Exercise objective: Leave out every picture, and return exactly the lines from the line containing "Ohio Kid's Fun Flag Tee Kids" through the end of the records below, both inclusive.

Given data:
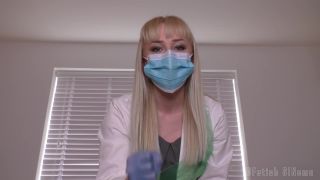 online video 18 old femdom Mistress Anna Elite - EXCITEMENT IN THE CLINIC, cock on blonde porn-7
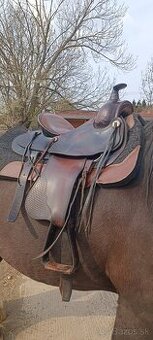 Westernove sedlo TOM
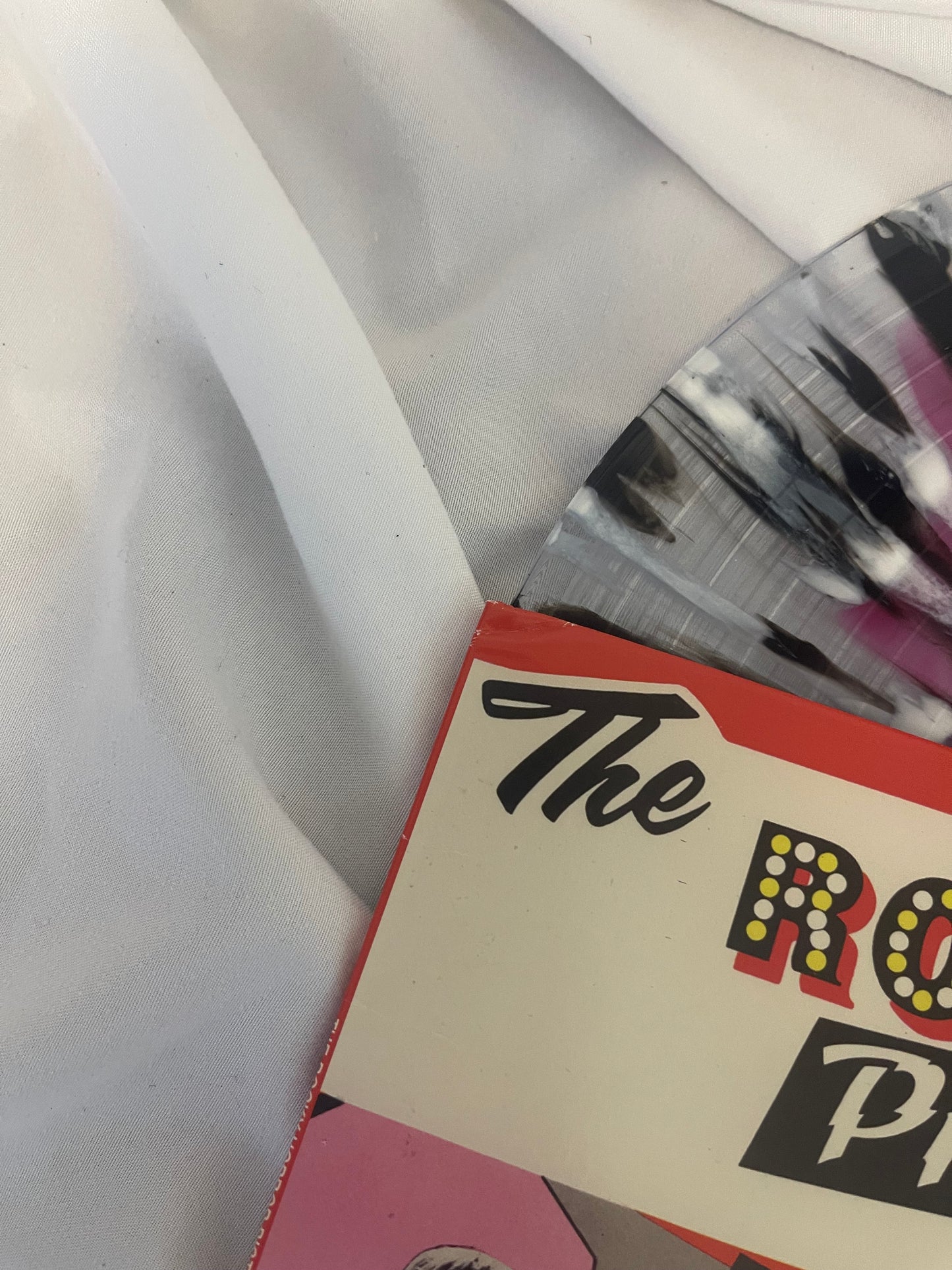 The Rocky Horror Picture Show - Soundtrack (Newbury Comics exclusive red in clear with black and white splatter vinyl)
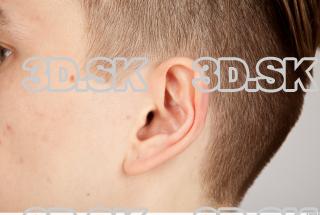 Ear texture of Oliver 0001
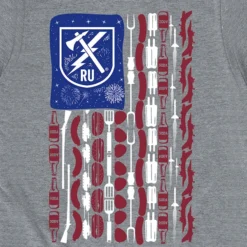 Ohio Kid's Fun Flag Tee Kids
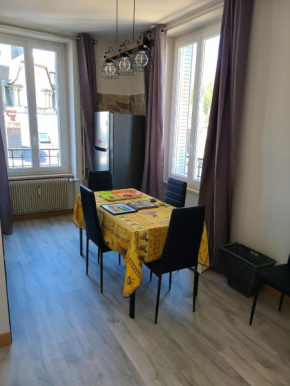 Appartement confortable à La Bourboule, 64 m², balcons agréables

Solution for this task:
 Ohio Kid's Fun Flag Tee Kids
 Appartement confortable à La Bourboule, 64 m², balcons agréables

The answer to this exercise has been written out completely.